Forefront Threat Management Gateway 2010 acts as a Web security gateway and is an upgrade from a technology and branding perspective from Microsoft’s legacy Internet Security and Acceleration (ISA) Server 2006, according to Joel Sider, senior project manager for Microsoft’s Infrastructure division.

Sider underscored the need for such a gateway based on the results of Microsoft’s semi-annual security intelligence report, which showed that phishing threats alone quadrupled since May and that social networking activity and sites accounted for more than three-quarters of all phishing impressions. In addition to those threats, the Forefront Threat Management Gateway 2010 also protects employee Web use against malware, malicious web sites and vulnerabilities, Sider added.

The new gateway features the Microsoft Reputation Based Service, which is a cloud-based database that pulls information from a variety of Web-based sources – Windows Live, Internet Explorer 8, and external, non-Microsoft Web sources – and applies analysis that ensures more secure Web browsing within a company.

“We capture 95 percent of the top one million Web sites out there and analyze and categorize them,” he said. “So as a customer using our gateway can apply policies they have as a company to specify which categories of Web sites users cannot access – malware, phishing, or inappropriate sites.”

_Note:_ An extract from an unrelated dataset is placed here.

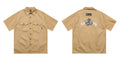 Men's black cotton blend work shirt with embroidery and pocket, loose fit plus size half sleeve design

The second new product, Forefront Unified Access Gateway, is a remote access endpoint security solution for remote and mobile employees that need secure access to applications, data and other resources when outside the firewall, he said. This includes email from an Exchange Server or documents housed inside a Microsoft Sharepoint Server, with connectivity options including VPN, Secure Socket Layer or direct access capabilities found in just-released Windows 7 that factor in identities inside network directories, he explained.

“This tight integration makes things easier to manage on a broad scalable way than with traditional VPNs,” he said.

Microsoft is hoping to capture the attention of more security-focused partner channel. Participation in the security competency inside the Microsoft Partner Network has increased 20 percent thus far this year, Sider said. The selling opportunity has spanned every level of customer size, from SMB on up, but partners and Microsoft have lately seen more traction in the upper midmarket and enterprise levels for the Forefront products.

Tactics to gain additional security partners have centered around incentive programs. Microsoft has rolled out a Security Software Advisor (SSA) program that rewards partners for reselling Forefront products with rebates per license ranging from 10 percent to 20 percent based on the solution sold. The program also builds in financial perks for attaching other Microsoft products to the Forefront sale, Sider said.